*** Opening EXERCISE INPUTS ***

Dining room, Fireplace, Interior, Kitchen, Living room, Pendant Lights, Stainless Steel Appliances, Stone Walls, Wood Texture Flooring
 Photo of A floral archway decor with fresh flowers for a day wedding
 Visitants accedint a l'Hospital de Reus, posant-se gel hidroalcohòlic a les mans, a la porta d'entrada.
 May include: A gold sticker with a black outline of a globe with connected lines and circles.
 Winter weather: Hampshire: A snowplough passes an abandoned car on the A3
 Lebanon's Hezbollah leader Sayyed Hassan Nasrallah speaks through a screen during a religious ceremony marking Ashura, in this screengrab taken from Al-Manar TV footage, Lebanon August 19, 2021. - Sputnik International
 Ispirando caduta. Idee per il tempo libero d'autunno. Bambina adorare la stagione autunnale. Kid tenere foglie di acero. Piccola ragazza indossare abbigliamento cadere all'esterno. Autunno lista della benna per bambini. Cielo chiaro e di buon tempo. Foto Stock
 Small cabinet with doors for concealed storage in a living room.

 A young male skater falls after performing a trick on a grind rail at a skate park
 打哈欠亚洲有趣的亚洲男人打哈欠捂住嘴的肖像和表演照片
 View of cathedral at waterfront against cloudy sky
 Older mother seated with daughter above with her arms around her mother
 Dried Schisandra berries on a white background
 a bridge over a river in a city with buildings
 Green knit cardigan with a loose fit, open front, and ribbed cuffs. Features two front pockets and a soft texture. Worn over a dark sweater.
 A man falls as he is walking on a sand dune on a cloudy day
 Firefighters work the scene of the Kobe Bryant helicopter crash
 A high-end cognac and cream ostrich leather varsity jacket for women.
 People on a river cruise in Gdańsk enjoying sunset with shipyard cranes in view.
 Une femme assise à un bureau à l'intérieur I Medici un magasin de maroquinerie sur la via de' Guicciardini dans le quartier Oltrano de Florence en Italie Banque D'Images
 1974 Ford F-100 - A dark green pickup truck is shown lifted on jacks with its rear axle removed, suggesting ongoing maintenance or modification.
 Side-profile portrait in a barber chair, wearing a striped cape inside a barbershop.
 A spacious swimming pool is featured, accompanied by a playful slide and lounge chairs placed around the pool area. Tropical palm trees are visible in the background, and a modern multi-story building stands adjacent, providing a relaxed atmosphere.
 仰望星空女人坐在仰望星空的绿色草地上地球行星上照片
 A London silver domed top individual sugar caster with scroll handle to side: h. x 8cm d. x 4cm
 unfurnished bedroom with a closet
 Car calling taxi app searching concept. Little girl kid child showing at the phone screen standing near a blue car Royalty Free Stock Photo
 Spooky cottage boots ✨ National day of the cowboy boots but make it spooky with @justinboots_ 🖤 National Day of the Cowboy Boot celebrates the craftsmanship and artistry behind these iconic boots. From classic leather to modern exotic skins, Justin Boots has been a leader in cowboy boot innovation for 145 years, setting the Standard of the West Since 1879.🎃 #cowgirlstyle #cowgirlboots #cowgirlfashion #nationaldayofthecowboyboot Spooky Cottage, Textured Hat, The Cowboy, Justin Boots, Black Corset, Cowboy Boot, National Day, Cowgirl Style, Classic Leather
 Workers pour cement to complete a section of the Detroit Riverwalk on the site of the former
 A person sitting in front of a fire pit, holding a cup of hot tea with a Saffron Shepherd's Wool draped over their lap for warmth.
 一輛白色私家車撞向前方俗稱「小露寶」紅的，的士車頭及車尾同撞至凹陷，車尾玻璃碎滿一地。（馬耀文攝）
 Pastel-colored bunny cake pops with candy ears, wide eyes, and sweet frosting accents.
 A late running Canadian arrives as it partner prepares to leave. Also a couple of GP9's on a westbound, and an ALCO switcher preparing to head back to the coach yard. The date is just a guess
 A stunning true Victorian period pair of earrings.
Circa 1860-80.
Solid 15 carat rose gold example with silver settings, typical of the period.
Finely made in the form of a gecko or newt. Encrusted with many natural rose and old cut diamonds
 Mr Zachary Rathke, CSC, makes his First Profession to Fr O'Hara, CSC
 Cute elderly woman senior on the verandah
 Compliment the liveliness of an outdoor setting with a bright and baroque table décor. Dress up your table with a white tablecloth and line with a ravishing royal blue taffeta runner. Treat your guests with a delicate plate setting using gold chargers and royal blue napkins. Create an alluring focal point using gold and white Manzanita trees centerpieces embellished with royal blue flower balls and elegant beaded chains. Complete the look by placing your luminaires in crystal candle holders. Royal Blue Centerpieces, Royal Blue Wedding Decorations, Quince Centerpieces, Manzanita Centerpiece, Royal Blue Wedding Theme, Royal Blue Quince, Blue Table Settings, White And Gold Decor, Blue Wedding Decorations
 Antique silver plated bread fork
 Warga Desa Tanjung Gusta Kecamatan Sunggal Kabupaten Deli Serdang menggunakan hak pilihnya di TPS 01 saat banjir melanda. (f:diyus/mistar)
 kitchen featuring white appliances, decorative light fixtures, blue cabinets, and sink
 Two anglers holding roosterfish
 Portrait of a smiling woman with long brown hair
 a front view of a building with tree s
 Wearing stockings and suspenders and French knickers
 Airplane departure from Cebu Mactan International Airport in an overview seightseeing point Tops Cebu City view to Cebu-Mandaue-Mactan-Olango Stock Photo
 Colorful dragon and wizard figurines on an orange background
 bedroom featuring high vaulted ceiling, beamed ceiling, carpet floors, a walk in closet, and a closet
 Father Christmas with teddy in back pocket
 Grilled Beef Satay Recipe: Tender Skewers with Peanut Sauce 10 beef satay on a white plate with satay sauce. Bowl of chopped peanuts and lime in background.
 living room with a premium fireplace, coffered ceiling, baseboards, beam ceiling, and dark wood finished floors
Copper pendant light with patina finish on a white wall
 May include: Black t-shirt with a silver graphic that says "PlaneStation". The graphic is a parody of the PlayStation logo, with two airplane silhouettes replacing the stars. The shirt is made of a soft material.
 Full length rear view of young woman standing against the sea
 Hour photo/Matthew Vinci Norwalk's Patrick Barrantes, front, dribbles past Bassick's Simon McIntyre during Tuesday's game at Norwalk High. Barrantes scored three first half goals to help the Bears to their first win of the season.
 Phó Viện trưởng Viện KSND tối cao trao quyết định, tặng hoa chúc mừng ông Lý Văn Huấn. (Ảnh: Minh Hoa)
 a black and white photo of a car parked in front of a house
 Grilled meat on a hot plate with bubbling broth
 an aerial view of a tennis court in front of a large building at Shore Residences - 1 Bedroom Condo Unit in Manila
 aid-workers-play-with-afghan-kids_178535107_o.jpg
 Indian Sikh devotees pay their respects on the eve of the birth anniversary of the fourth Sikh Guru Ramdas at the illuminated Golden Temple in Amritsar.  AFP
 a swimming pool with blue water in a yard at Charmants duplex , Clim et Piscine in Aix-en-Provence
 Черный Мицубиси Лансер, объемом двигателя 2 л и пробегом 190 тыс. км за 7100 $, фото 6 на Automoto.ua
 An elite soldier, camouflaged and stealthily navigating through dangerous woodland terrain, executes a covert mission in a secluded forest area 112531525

*** Closing EXERCISE INPUTS ***

Out of the data above, give again only the lines starting at the one holding "Portrait of a" and ending at the one holding "Colorful dragon and", unchanged.

 Portrait of a smiling woman with long brown hair
 a front view of a building with tree s
 Wearing stockings and suspenders and French knickers
 Airplane departure from Cebu Mactan International Airport in an overview seightseeing point Tops Cebu City view to Cebu-Mandaue-Mactan-Olango Stock Photo
 Colorful dragon and wizard figurines on an orange background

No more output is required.